本発明の光学積層体において、上記マルテンス硬度(N1)とマルテンス硬度(N2)との差(N1-N2)が、0~150N/mm2であり、マルテンス硬度(N2)とマルテンス硬度(N3)との差(N2-N3)が、0~150N/mm2であることが好ましい。
また、上記ハードコート層の表面の鉛筆硬度試験(4.9N荷重)の硬度が、3H以上であることが好ましい。
また、上記ハードコート層は、電離放射線硬化型樹脂と光重合開始剤とを含有するハードコート層形成用組成物を用いて形成されたものであり、上記電離放射線硬化型樹脂は、6以上の重合性官能基を有するウレタン化合物、又は、10以上の重合性官能基を有するポリマーと、2以上の重合性官能基を有する化合物とを含有することが好ましい。
また、上記ハードコート層形成用組成物における光重合開始剤の含有量が電離放射線硬化型樹脂100質量部に対して、1~10質量部であることが好ましい。

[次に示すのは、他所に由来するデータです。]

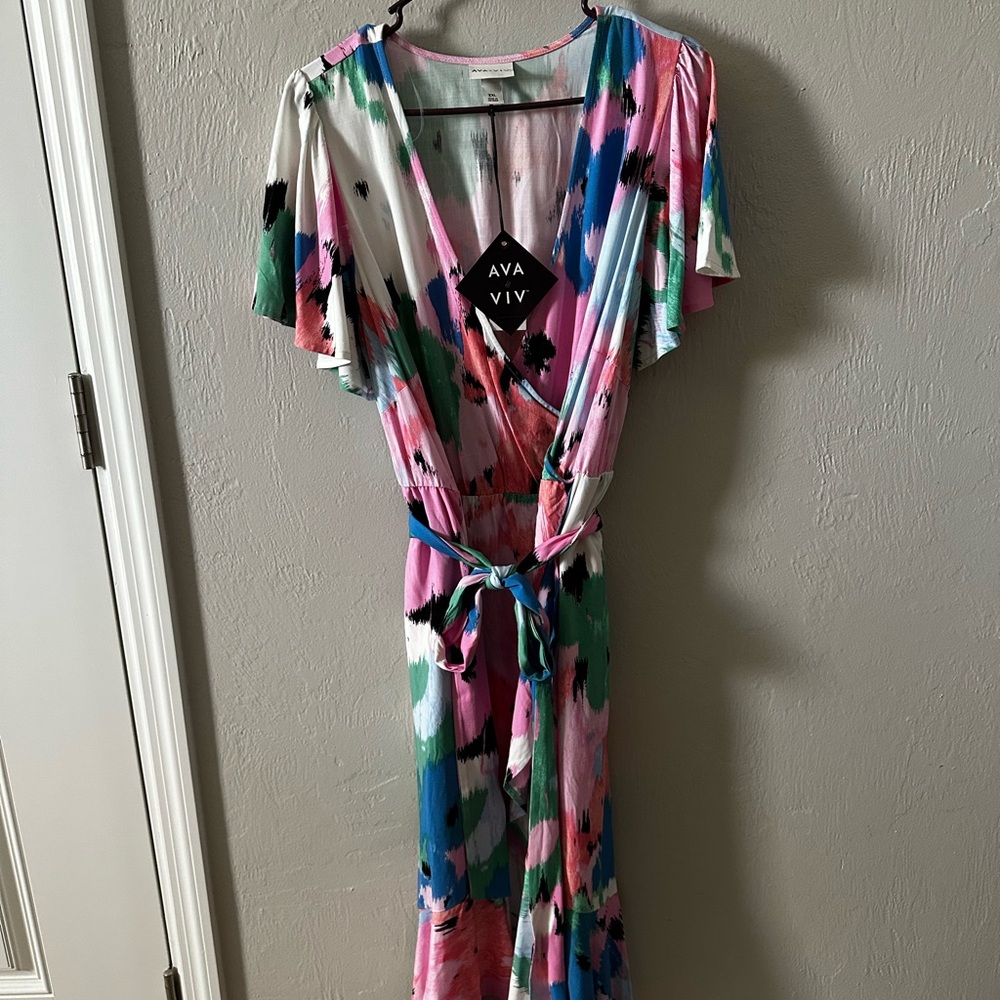 Ava & Viv Multicolor Wrap Dress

本発明は、最表面に上述の光学積層体、又は、上述の偏光板を備えることを特徴とする画像表示装置でもある。
以下に、本発明を詳細に説明する。
上記ハードコート層の表面のマルテンス硬度(N1)の具体的な測定方法としては、例えば、図1に示したように、上記N1は、ハードコート層10の表面(トリアセチルセルロース基材と反対側表面)に対して垂直方向から対面角136°のダイヤモンド正四角錐形状のビッカース圧子12を押し込み、得られた荷重-変位曲線から、マルテンス硬度を算出し、これを5箇所について求めた平均をハードコート層の表面のマルテンス硬度(N1)とする。なお、上記マルテンス硬度は、より具体的には、ビッカース圧子の押し込みによりできたピラミッド形のくぼみ13aの対角線の長さからその表面積A(mm2)を計算し、試験荷重F(N)を割る(F/A)ことで求められる。
また、上記ハードコート層の断面中央のマルテンス硬度(N2)は、図1に示したように、ハードコート層10の断面10aの中央(A-A線)に、該断面10aに対して垂直方向からビッカース圧子12を押し込んで形成したくぼみ13bから、上記N1と同様にしてマルテンス硬度(5箇所について求めた平均)を求める。また、上記トリアセチルセルロース基材の断面中央のマルテンス硬度(N3)は、トリアセチルセルロース基材11の断面11aの中央(B-B線)に、該断面11aに対して垂直方向からビッカース圧子12を押し込んで形成したくぼみ13cから、上記N1と同様にしてマルテンス硬度(5箇所について求めた平均)を求める。
なお、上記ナノインデンテーション法によるマルテンス硬度の測定は、(株)フィッシャー・インスツルメント製、ピコデンターHM-500を用いて測定することができる。
上記マルテンス硬度(N1)の好ましい下限は210N/mm2であり、好ましい上限は400N/mm2であり、より好ましい下限は230N/mm2であり、より好ましい上限は350N/mm2である。
上記マルテンス硬度(N2)の好ましい下限は150N/mm2であり、好ましい上限は250N/mm2であり、より好ましい下限は170N/mm2であり、より好ましい上限は240N/mm2である。
上記マルテンス硬度(N3)の好ましい下限は160N/mm2であり、好ましい上限は240N/mm2であり、より好ましい下限は170N/mm2であり、より好ましい上限は230N/mm2である。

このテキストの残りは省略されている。